Repeat the data word for word. Do not include the pictures.

Dataset extract:
•••

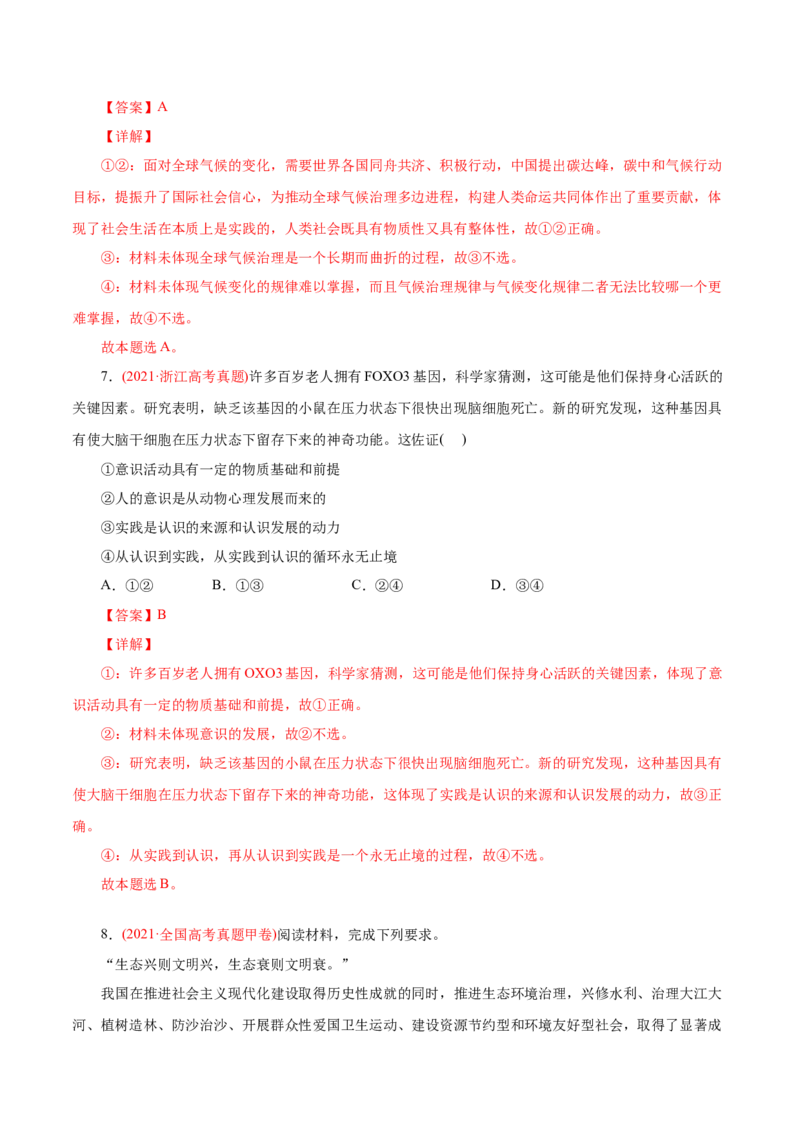 专题13哲学与唯物论、认识论-2021年高考政治真题与模拟题分类训练（教师版含解析）_8.2025政治总复习_2023年新高考资料_一轮复习_2023年新高考大一轮复习讲义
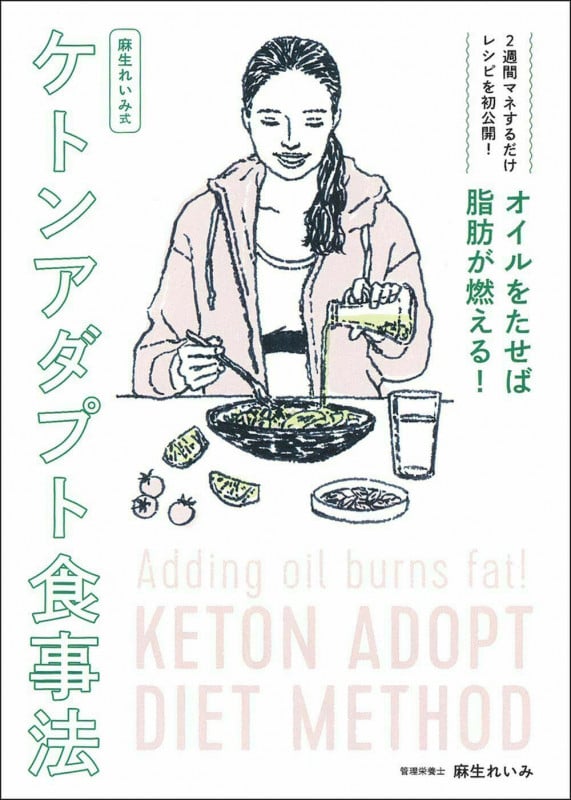 麻生れいみ式ケトンアダプト食事法 オイルをたせば脂肪だけが燃える!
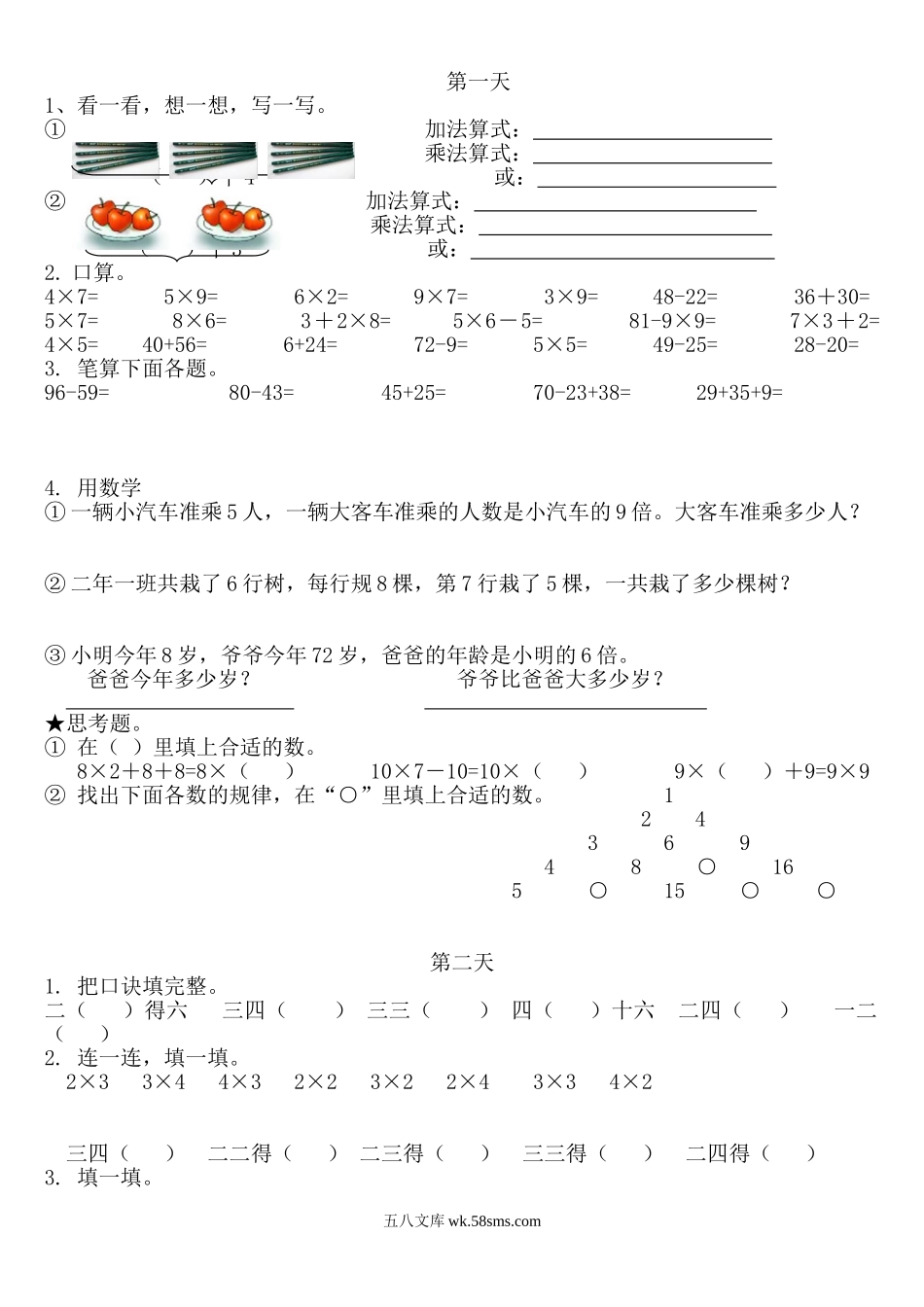 小学二年级下册二年级数学上册《寒假作业》.doc_第1页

•••

Response:
 专题13哲学与唯物论、认识论-2021年高考政治真题与模拟题分类训练（教师版含解析）_8.2025政治总复习_2023年新高考资料_一轮复习_2023年新高考大一轮复习讲义
 麻生れいみ式ケトンアダプト食事法 オイルをたせば脂肪だけが燃える!
 小学二年级下册二年级数学上册《寒假作业》.doc_第1页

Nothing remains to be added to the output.